Note that if the EEA national is the spouse or partner of a British citizen then where they qualify under (a) (retired) or (b) (permanently incapacitated)  they are not restricted by the rules about length of time as a resident or as a worker.


What about family members of EEA nationals who are not EEA nationals themselves?

These people will also be able to apply for settled status if they can show that they have been continuously resident for five years as a family member of an EEA national. They therefore have to provide more evidence than an EEA national does: click here.
And note that those whose only relationship to an EEA national is that of unmarried partner (ie a "durable relationship")- or another form of extended family member MUST have a residence card, for which they must apply to the Home Office on Form EEA (EFM) at a cost of £65.00 - link to gov.uk for the application here.

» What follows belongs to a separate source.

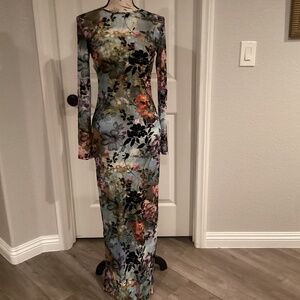 Jin Ping Women Sheer Floral Design Dress, Size Small, Color Blue Multi Color NWT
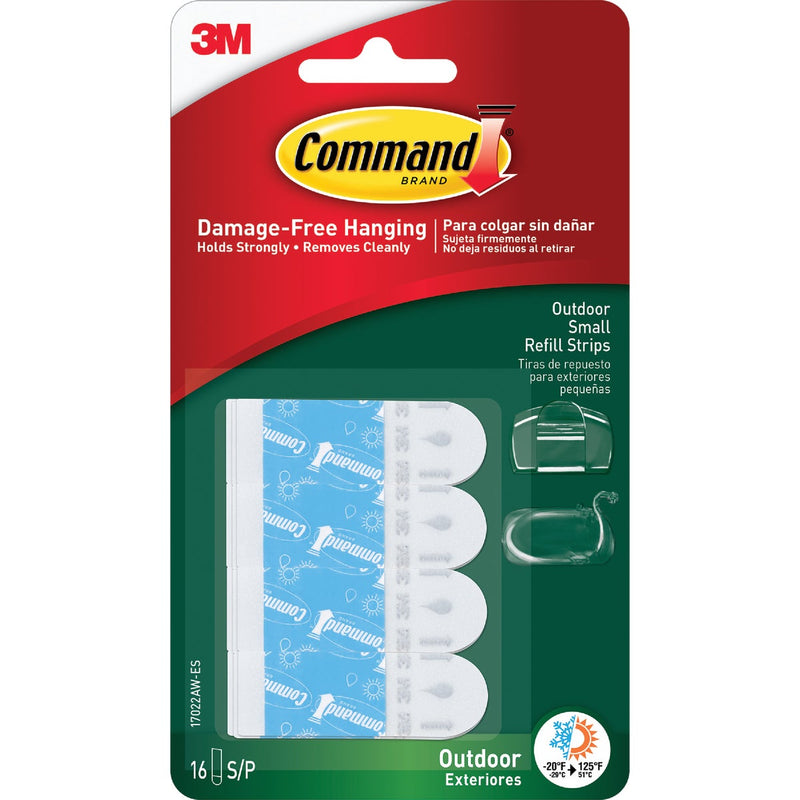 Command Outdoor Small Adhesive Strip, 16 Strips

What about family members of EEA nationals with less than 5 years' continuous residence?

Normally someone who applies for settled status with less than five years' continuous residence will be given pre-settled status which they will later convert to settled status.

However, if the person is a family member of an EEA national who has been granted settled status for one of the reasons above, even though they have less than five years' continuous residence, their family member will also be entitled to be given settled status even if they haven't got 5 years continuous residence and regardless of how long they have been a family member of the EEA nationals if:

  • they were the EEA national's family member at the point that the EEA national became eligible to apply for settled status with less than five years residence (eligibility criteria as for EEA nationals, above), and
  • they are currently living in the UK. 


What if the EEA national / family member ceases to be continuously resident in the UK?

Someone who has pre-settled status will lose this is they are away from the UK for 6 months or more, but can apply again on their return (assuming they return before 31st December 2020 / Brexit Day- see time limits).

Once someone has been given settled status they will only lose this if they have been away from the UK for five years.